Lack of SendableMetaType for Combine's Subscriber makes it impossible to use it in Swift 6.2

(Cross-posted from the feedback FB18050331)


The Combine Subscriber protocol does not currently conform to SendableMetaType.

This lack of conformance makes it impossible to use it without compiler errors or warnings similar to "Capture of non-sendable type 'SomeSubscriber.Type' in an isolated closure".

Indeed, the subscriber is supposed to be notified of published values in whatever isolation a Publisher or Subscription is working in (frequently, nonisolated). Hence a Subscriber type can not support isolated conformances. This is by design of pub/sub in Combine, where subscribers can not specify their preferred isolation. Hence a Subscriber type can not support isolated conformance introduced in SE-0470.

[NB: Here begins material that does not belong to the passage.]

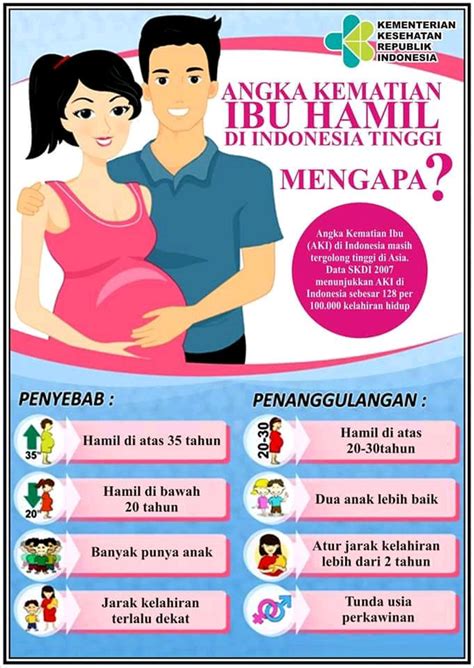 pencegahan kehamilan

Please fix this by adding SendableMetaType conformance to Subscriber:

-public protocol Subscriber<Input, Failure> : CustomCombineIdentifierConvertible {
+public protocol Subscriber<Input, Failure> : CustomCombineIdentifierConvertible, SendableMetaType {

Possibly related to Library protocols can not overtake the default isolation of the importing module · Issue #82249 · swiftlang/swift · GitHub (conforming to Subscriber should probably imply nonisolated, even for subscribers defined in modules that are MainActor-isolated by default).

4 Likes

I was able to suppress those warnings by forcing Subscribers to be Sendable:

struct MyPublisher<Output, Failure: Error>: Publisher {
  func receive<S>(
    subscriber: S
  ) where S: Subscriber & Sendable, // Sendable requirement
          Failure == S.Failure,
          Output == S.Input
  { ... }
}

This is weird, because the Publisher requirements say nothing about Sendable. The code above should not compile, because it does not match the requirements:

// No Sendable in sight
public protocol Publisher<Output, Failure> {
  func receive<S>(subscriber: S) where S : Subscriber, Self.Failure == S.Failure, Self.Output == S.Input
}
public protocol Subscriber<Input, Failure> : CustomCombineIdentifierConvertible { }
public protocol CustomCombineIdentifierConvertible { }

This gets even weirder, because if I can force Subscribers to be Sendable as above, I can not force them to be SendableMetaType (which is weaker). Now this gives the expected compiler error:

// MyTests.swift:506:19: error: type 'MyPublisher<Output, Failure>' does not conform to protocol 'Publisher'
//     struct MyPublisher<Output, Failure: Error>: Publisher {
//            ^
// MyTests.swift:514:21: note: candidate has non-matching type '<Output, S> (subscriber: S) -> ()' [with Output = Output]
//         func receive<S>(
//              ^
// MyTestsMyTests.swift:506:19: note: add stubs for conformance
//     struct MyPublisher<Output, Failure: Error>: Publisher {
//            ^
// Combine.Publisher.receive:2:6: note: protocol requires function 'receive(subscriber:)' with type '<S> (subscriber: S) -> ()'
// func receive<S>(subscriber: S) where S : Subscriber, Self.Failure == S.Failure, Self.Output == S.Input}
//      ^
struct MyPublisher<Output, Failure: Error>: Publisher {
  func receive<S>(
    subscriber: S
  ) where S: Subscriber & SendableMetaType,
          Failure == S.Failure,
          Output == S.Input
  { ... }
}

In conclusion, it looks like there's some compiler magic made for Combine and Sendable. It would be nice to extend this magic to SendableMetaType so that we can all be happy.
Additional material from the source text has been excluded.